═══ Supplied records ═══

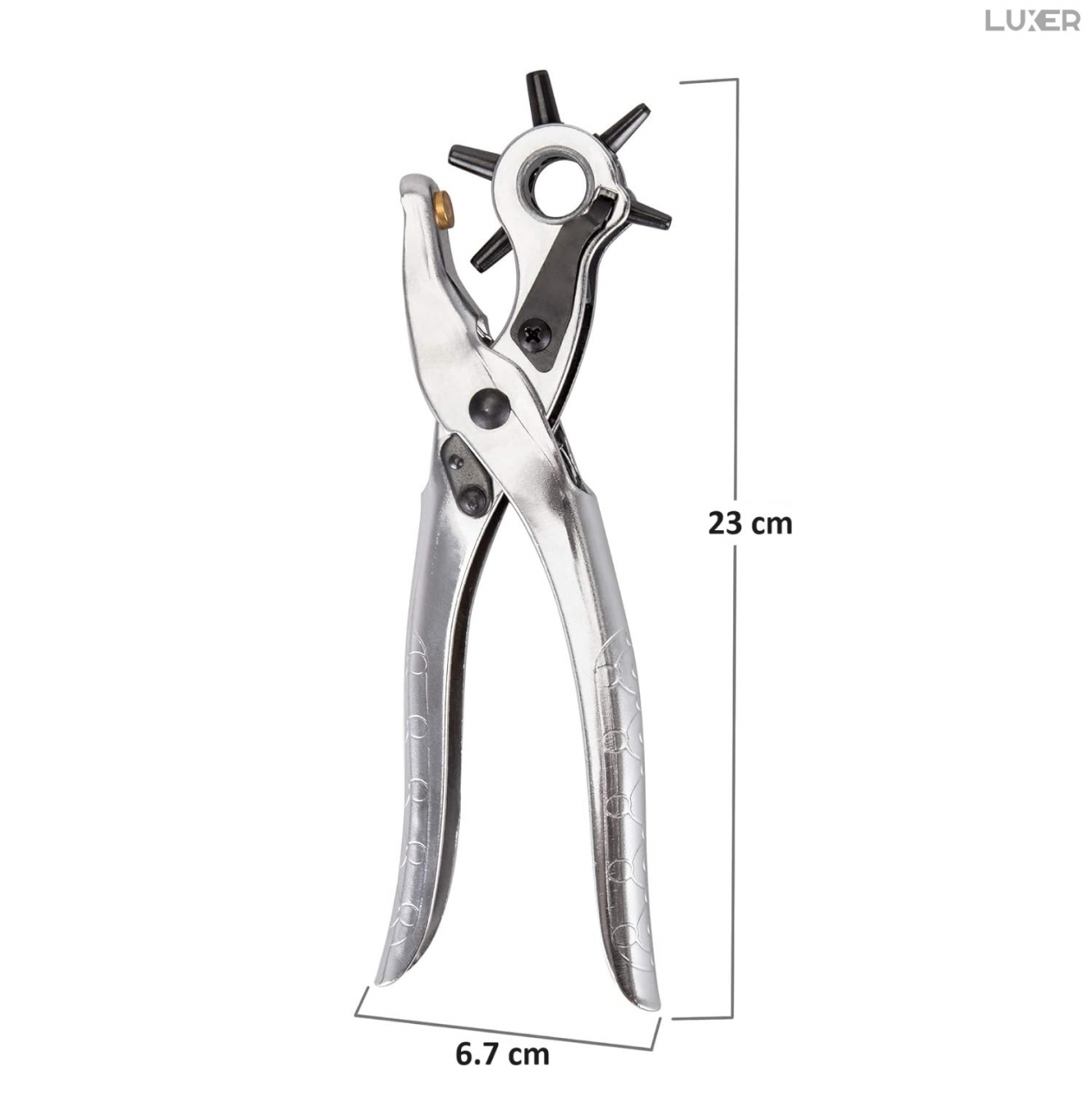 Cleste Perforator Pentru Facut Gauri La Curele, Genti, Pantofi, Zgarzi sau Alte Proiecte de Bricolaj, Cap Rotativ Pentru 6 Dimensiuni de Gauri, Functie Capsare si Nituire, 23 cm, Argintiu, Luxer [12]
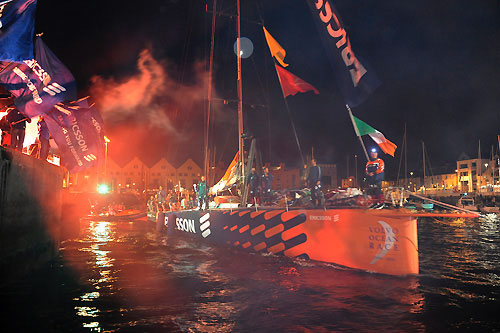 Ericsson 4, skippered by Torben Grael (BRA) finished first in leg 7 from Boston to Galway, crossing the line at 00:54: 22 GMT, May 24, 2009. Photo copyright Rick Tomlinson / Volvo Ocean Race.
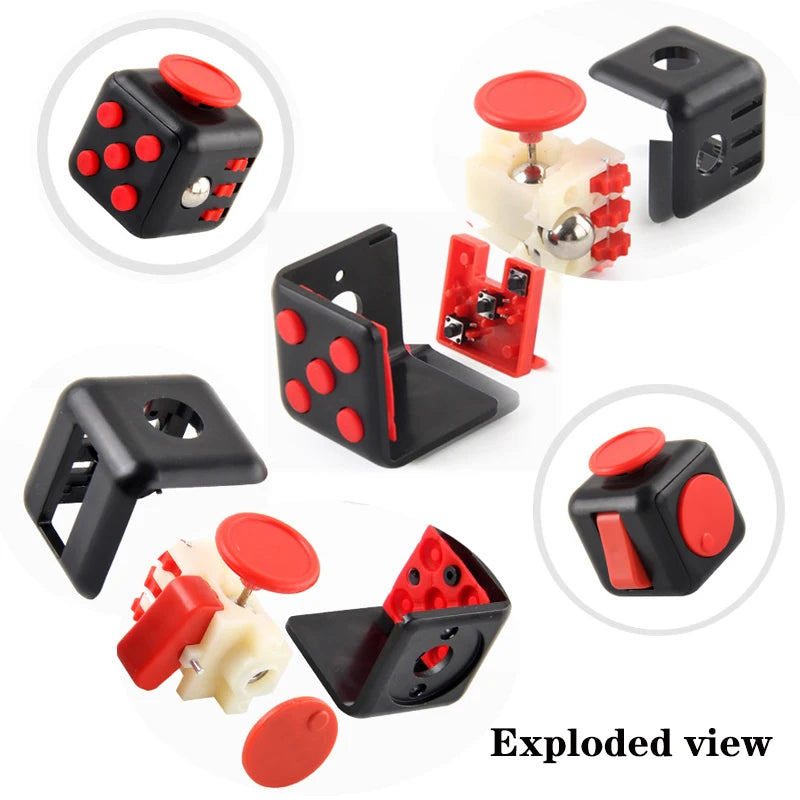 Rainbow Cube Sensory Toy — 6 & 12 Sided Stress Relief Fidget Cube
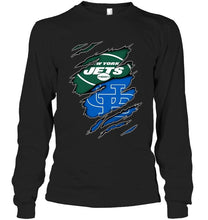 Load image into Gallery viewer, New York Jets and Buffalo Bulls layer under ripped shirt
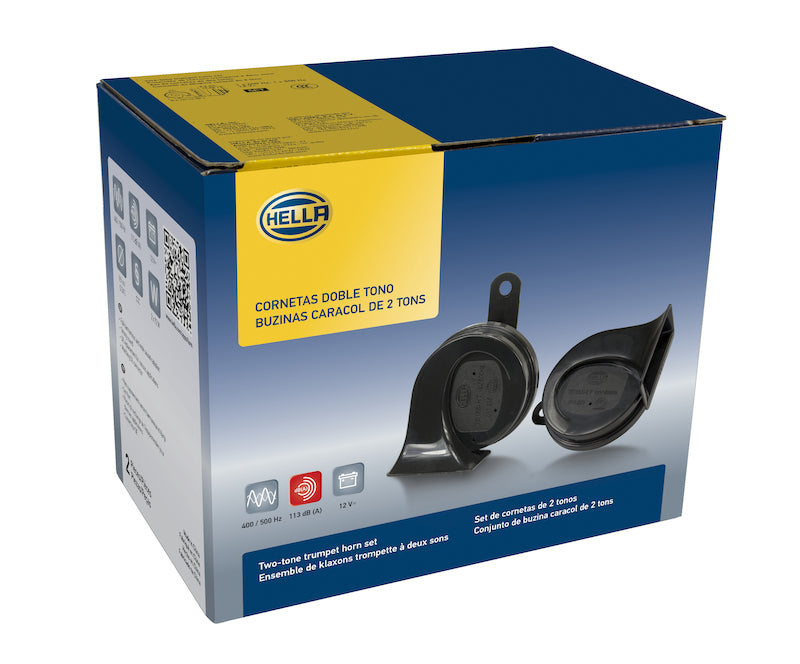 Hella 12V Twin Trumpet Horn Kit with Bracket - Toyota Hella Horns  AXOPROS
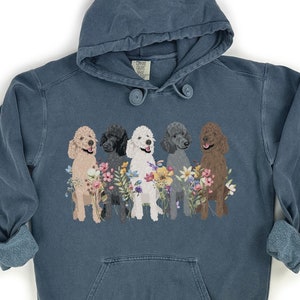 Comfort Colors Wildflower Poodle Hoodie Sweatshirt Standard poodle Shirt, Cottagecore Poodle gift for Poodle Dog Lover, Poodle Mom, Owner Denim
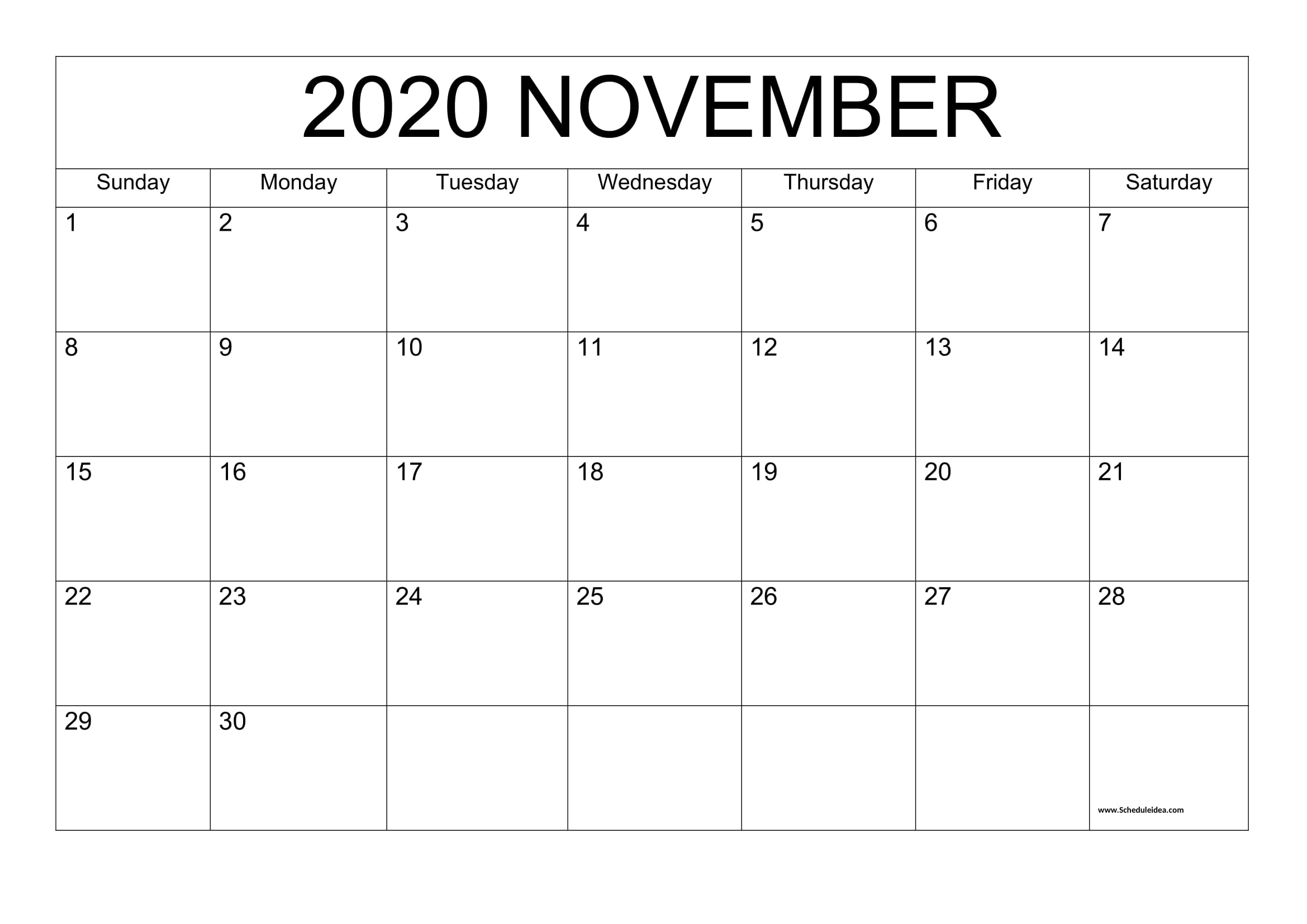 Pick Calendar November 2022 Printable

═══

**Problem to solve:** Leave every picture out and return exactly the lines from the one holding "Hella 12V Twin" through the end of the records above, both ends included, and nothing more.

**Result of the task:**
 Hella 12V Twin Trumpet Horn Kit with Bracket - Toyota Hella Horns  AXOPROS
 Comfort Colors Wildflower Poodle Hoodie Sweatshirt Standard poodle Shirt, Cottagecore Poodle gift for Poodle Dog Lover, Poodle Mom, Owner Denim
 Pick Calendar November 2022 Printable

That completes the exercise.